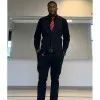 D’ANDRE MCPHATTER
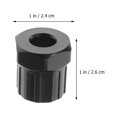 thumbnail image 4 of 4pcs Cassette Lockring Tool Bike Cassette Removal Tool Cassette Removal Tool, 4 of 8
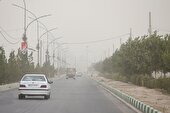 احتمال وزش باد شدید در برخی استان‌ها | وقوع گرد و خاک در راه است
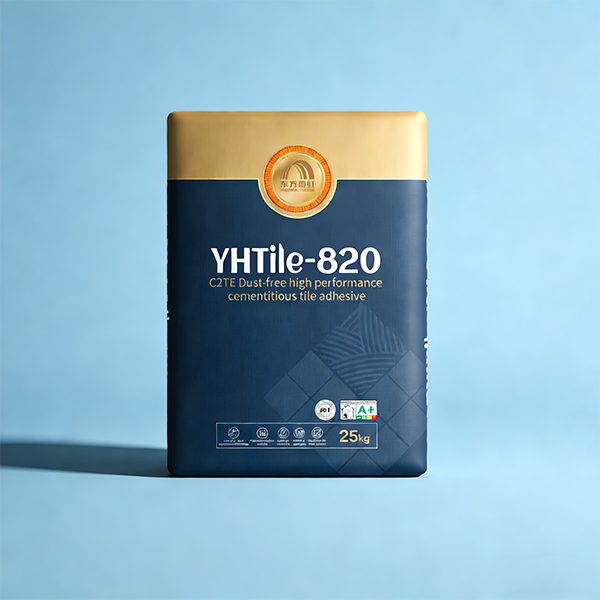 Premium Wet Area Tile Adhesive for Lasting Bathroom Installations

━━━━━━━━━━━━━━━━━━━━

Please restate the material word for word; the pictures stay out.

 D’ANDRE MCPHATTER
 thumbnail image 4 of 4pcs Cassette Lockring Tool Bike Cassette Removal Tool Cassette Removal Tool, 4 of 8
 احتمال وزش باد شدید در برخی استان‌ها | وقوع گرد و خاک در راه است
 Premium Wet Area Tile Adhesive for Lasting Bathroom Installations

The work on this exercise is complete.